▶ [WHAT YOU WILL DO]
Your output must consist of the records printed verbatim, with the pictures excluded.

▶ [DATASET EXCERPTS]
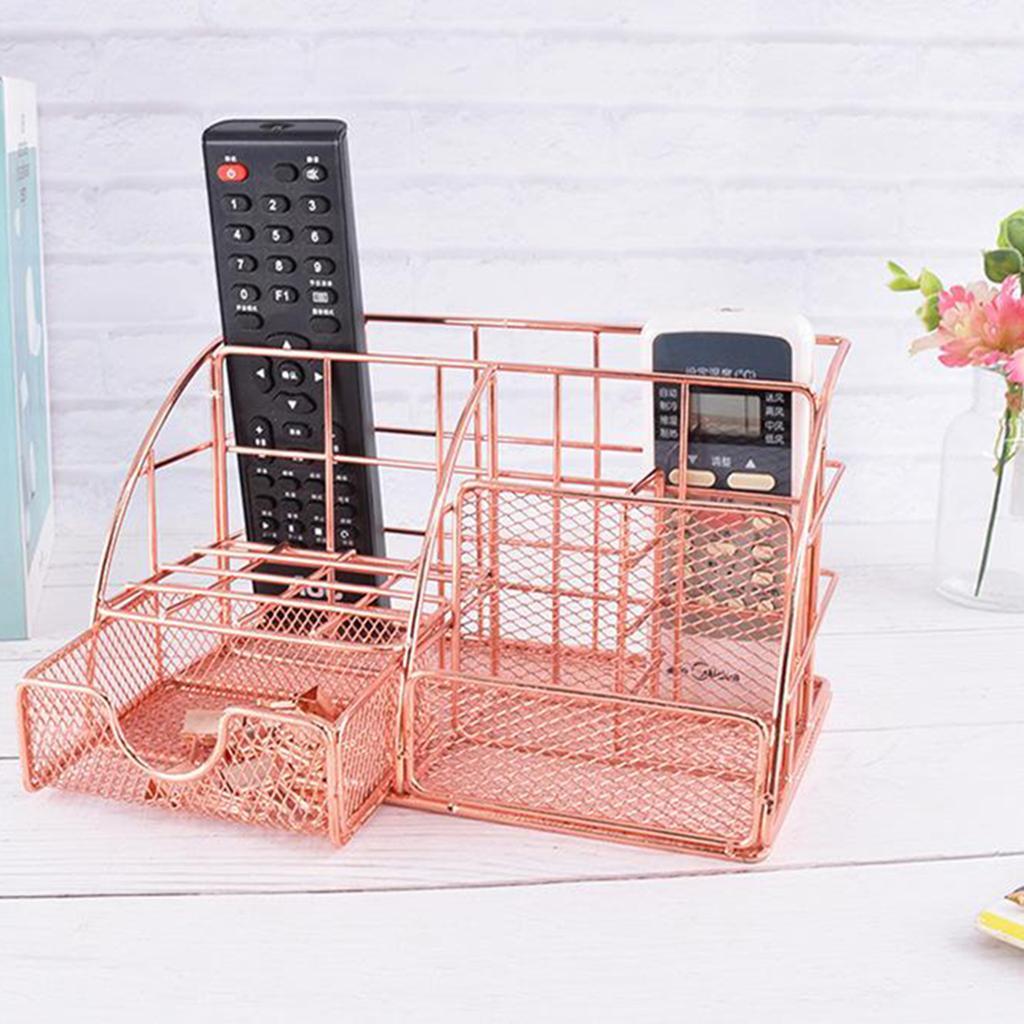 Mesh Desk Organizer Supplies with Drawer Home Pen Holder Storage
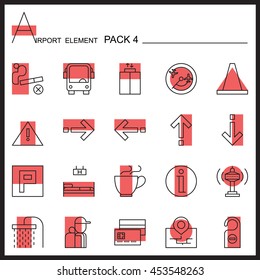 Airport Element Line Icon Set 4.Color pack.Graphic vector logo set..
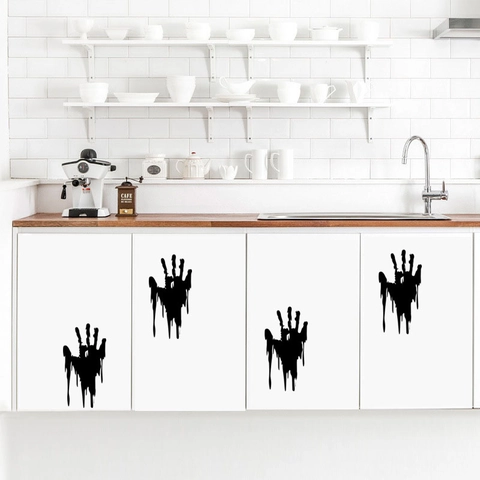 Pegatina de Pared con Huella de Mano Negra de Terror de Halloween Calcomanía de Palma Sangrienta de PVC para Ventana Puerta Fiesta Casa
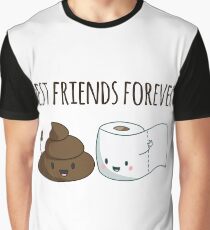 Best Friends Forever Poop And Toilet Paper Funny Graphic T-Shirt
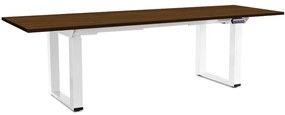 Výškovo nastaviteľný stôl OfficeTech Strong 240 x 80 cm, biela podnož, orech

▶ [EXERCISE ANSWER]
 Mesh Desk Organizer Supplies with Drawer Home Pen Holder Storage
 Airport Element Line Icon Set 4.Color pack.Graphic vector logo set..
 Pegatina de Pared con Huella de Mano Negra de Terror de Halloween Calcomanía de Palma Sangrienta de PVC para Ventana Puerta Fiesta Casa
 Best Friends Forever Poop And Toilet Paper Funny Graphic T-Shirt
 Výškovo nastaviteľný stôl OfficeTech Strong 240 x 80 cm, biela podnož, orech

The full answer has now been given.